AS my children have grown up, they have got used to some idiosyncratic sayings from their mother.

Sonya Fladun
Sonya Fladun
There is “oh sugar nuts” when an unexpected adverse development occurs. Something’s “totally fudged” when there’s really no hope of fixing it. At the end of a tough day at work I’m likely to declare myself “completely fracked” and slump on the couch with a gin and tonic.

Another oddity is “son of a Bichon Frise” when something really hurts

Of course, all these peculiar sayings are substitutes for profanity.
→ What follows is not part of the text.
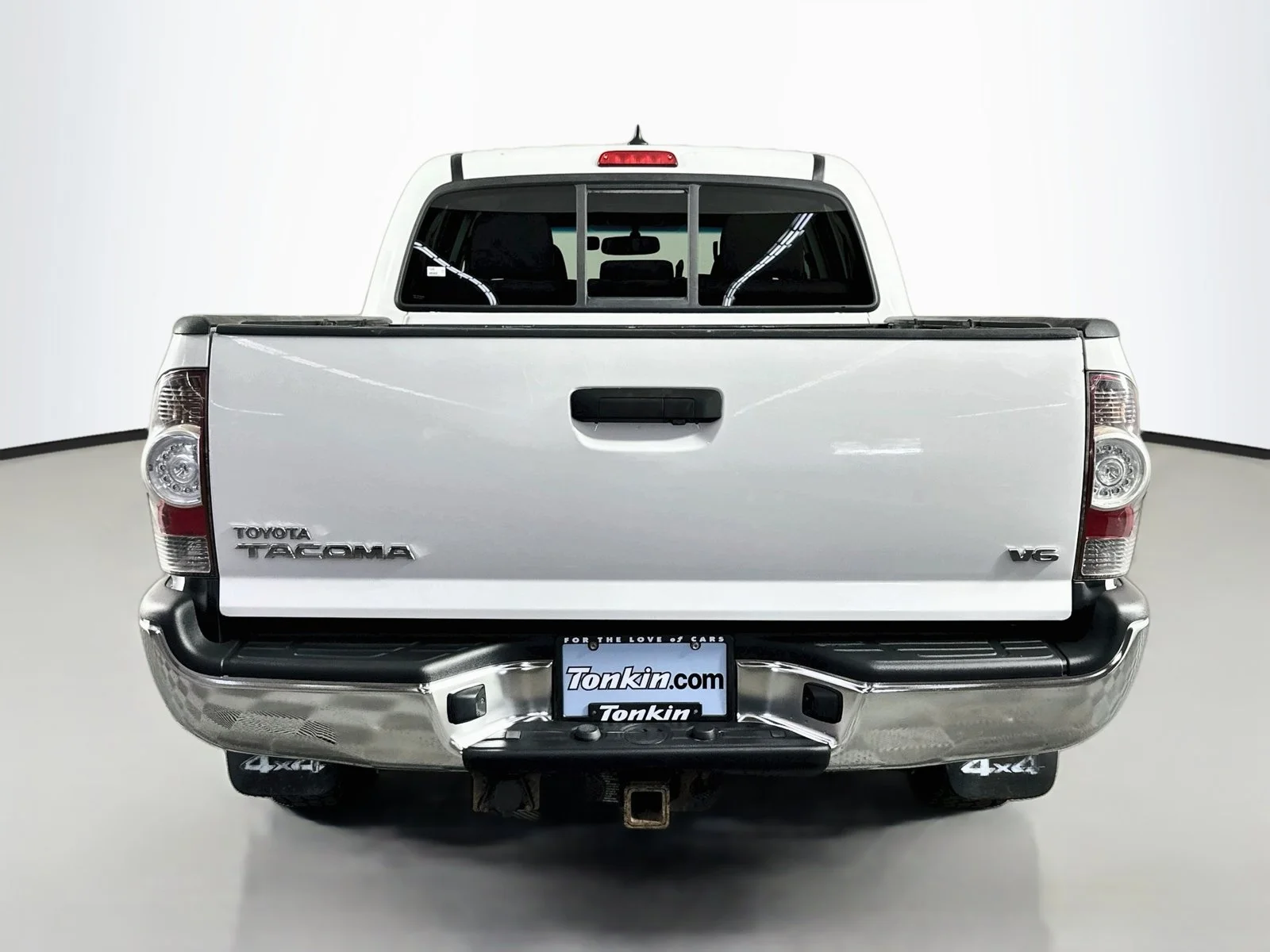 Used 2012 Super White Toyota Base image 6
Both I and my spouse are perfectly capable of swearing, but whatever the circumstances, there are some words we really don’t want our young children to hear.

The problem is, no matter how good you are, or at least try to be, escaping swearing is pretty hard in this day and age. Profanity seems ubiquitous – on television, in the workplace, in popular culture – especially music videos.

Some of the worst offenders are popular singers and bands, something I never really thought about until I had kids. Certain artists I used to love before we had kids I’ve have had to ditch because I’ve belatedly realised they were singing about quite inappropriate things.

Parents seem to have a variety of ways of dealing with swearing, some just give up the fight and let their kids go for it, some try to enforce a strict no swearing policy, while others try to teach what might be called “appropriate swearing”.

I’ve tended to favour an absolute ban at home with inoffensive if idiosyncratic substitutes serving as parental safety valves in times of stress but, as my children have got older, I’ve realised this is not very workable and maybe not even fair for them not to know what a real swear word is or means.

Not that my guys are fighting me on it yet. My eight-year-old daughter calls them “square words” and says they are “very uncool”, but they are being exposed daily, including in the playground, to more and more words that they know are bad but really don’t understand.

Some kids think it is smart or cool to swear, that it makes them more grown up and no doubt this is encouraged by much media and popular culture.

Parents, of course, freak out because socially what comes out of their children’s mouths is often seen as a reflection of them.

I’ve tried to steer my kids towards inoffensive swearing, challenging them to come up with harmless alternatives. This probably seems pretty dorky in the playground.

Ultimately, though, I’m not too worried as our kids have been growing up to be exceptionally polite and model citizens – most of the time. So maybe we’re doing something right, but I’m still not sure how to deal with profanity. Oh, bugger!